▶ [WHAT IS NEEDED]
Your task is to write out the entire listing exactly, omitting its pictures.

-- RAW DATA follows --

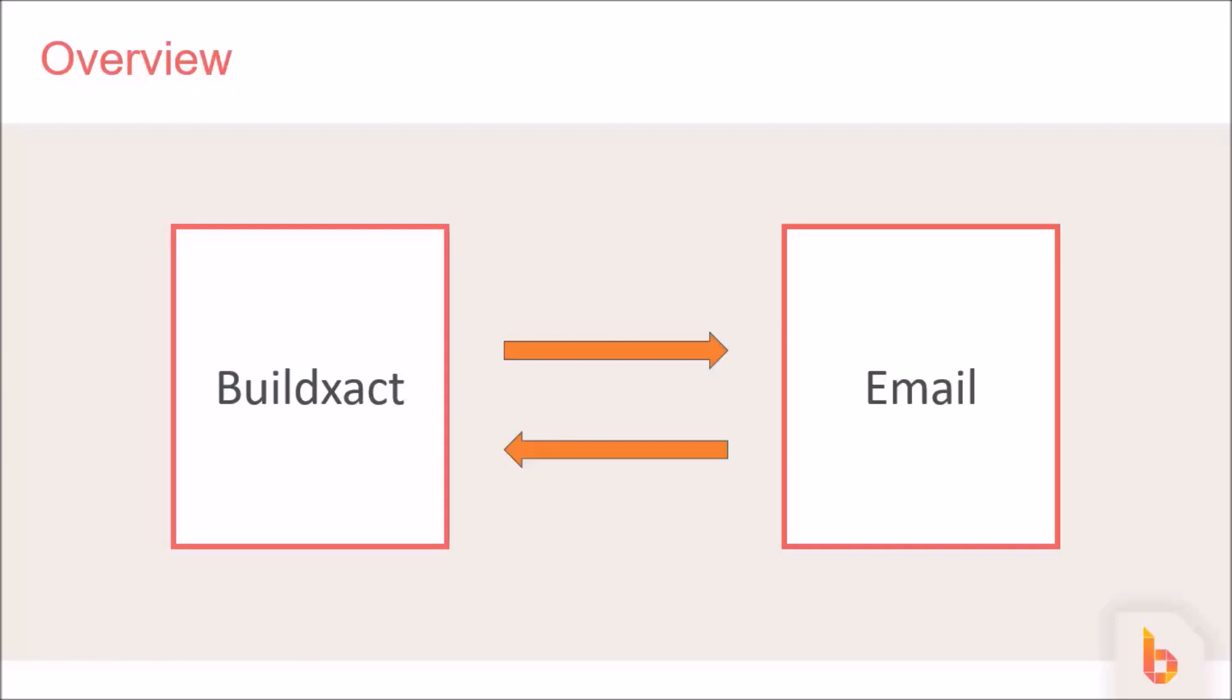Connecting your email also means that you're sending email via an actual email account instead of BuildXact, so the overall experience is improved with the ability to CC or BCC, for example.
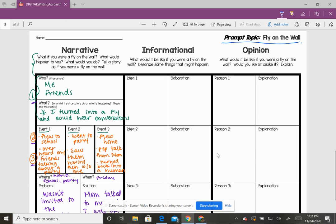All right, we're back to our genre writing. Go ahead and pull out this sheet that you already finished the narrative writing from a couple of days ago.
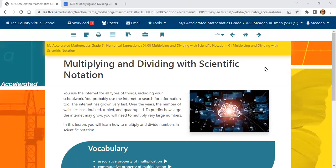Alright, we are moving right along and we're going to jump into multiplying and dividing with scientific notation. If you are taking this class as the advanced seventh grade group, you are doing lesson 1.08. If you are doing this with the pre-algebra group, this is lesson 1.06.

-- RAW DATA concluded --

▶ [ANSWER TO THE PROBLEM]
Connecting your email also means that you're sending email via an actual email account instead of BuildXact, so the overall experience is improved with the ability to CC or BCC, for example.
All right, we're back to our genre writing. Go ahead and pull out this sheet that you already finished the narrative writing from a couple of days ago.
Alright, we are moving right along and we're going to jump into multiplying and dividing with scientific notation. If you are taking this class as the advanced seventh grade group, you are doing lesson 1.08. If you are doing this with the pre-algebra group, this is lesson 1.06.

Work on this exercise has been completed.